1. Lonesome Dove’s Blue Duck, the leader of a ruthless band of criminals, is near evil incarnate. He steals women, shoots unarmed men, and kills children without remorse. In the TV miniseries (1989), actor Frederic Forrest plays the sociopathic bandit with a powerful edge—calculating and brutal. His reign of terror finally ends when he’s caught in New Mexico. Even in chains, he’s a dangerous murderer. When the eight-man posse arrives to take him to the gallows, Blue Duck grabs hold of a deputy and dives out the prison’s third-story window, killing them both.
2. Outlaw “Lucky” Ned Pepper, played by Robert Duvall in the original True Grit (1969), is known for delivering one of the best insults in Western cinema when he taunts John Wayne’s Rooster Cogburn with, “That’s bold talk for a one-eyed fat man!” in response to Cogburn’s threat of death by bullet or hanging. Cogburn’s rejoinder is equally notable: “Fill your hands, you son of a bitch!” he yells as he charges the Pepper’s gang with rifle and handgun blazing. Pepper gets Cogburn in a tight spot, but a long-range shot from Texas Ranger LaBoeuf puts the outlaw down—permanently.
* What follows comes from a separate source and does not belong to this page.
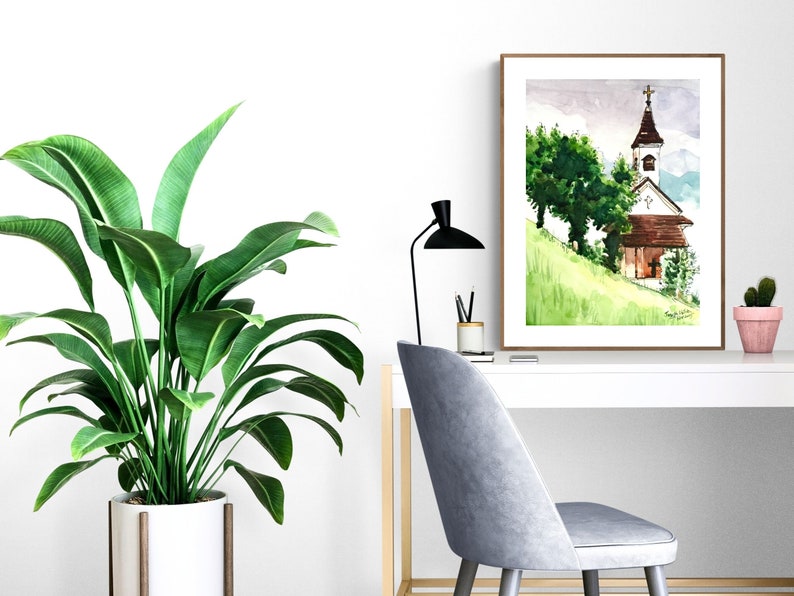 Puede incluir: Una pintura de acuarela de una peque&ntilde;a iglesia con un techo marr&oacute;n y un campanario blanco. La iglesia est&aacute; en una colina verde con &aacute;rboles en el fondo. La pintura est&aacute; enmarcada en un marco marr&oacute;n y est&aacute; colgada en una pared blanca.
3. Ben Wade—the notorious gang leader in 3:10 to Yuma (1957, 2007)—is a complicated character who is as charming and cultured as he is manipulative and deadly. While being escorted by rancher Dan Evans to the nearest depot to make the next train to Yuma Territorial Prison, Wade proves to be a killer, but not without his own moral code. In the final scene, the true complexity of his character is revealed: Wade has the opportunity to escape his captor and rejoin his gang, but he instead chooses to follow Evans to the waiting train, saving Evans’s life in the process. Ever the rogue, though, he says as the train speeds off to the calaboose, “It’s all right. I’ve broken out of Yuma before.”
4. After watching the murder of his wife and child at the hands of Union men, Missouri farmer Josey Wales, played perfectly by a steely-eyed Clint Eastwood in The Outlaw Josey Wales (1976), becomes a Confederate guerrilla fixated on avenging their deaths. While evading the bounty on his head and seeking out the men who ruined his life, he becomes part of the community of refugees and drifters in the unsettled post-war West.
5. The fictional Don Diego de la Vega, a Californio nobleman during the era of Mexican rule, has a secret identity: he moonlights as the dashing masked-outlaw-with-a-cause, Zorro. In the first Zorro movie, The Mark of Zorro (1920), Douglas Fairbanks plays the debonair bandit who defends the commoners against oppressive colonial rule. He simultaneously wins the love of his people and the heart of the beautiful Lolita Pulido.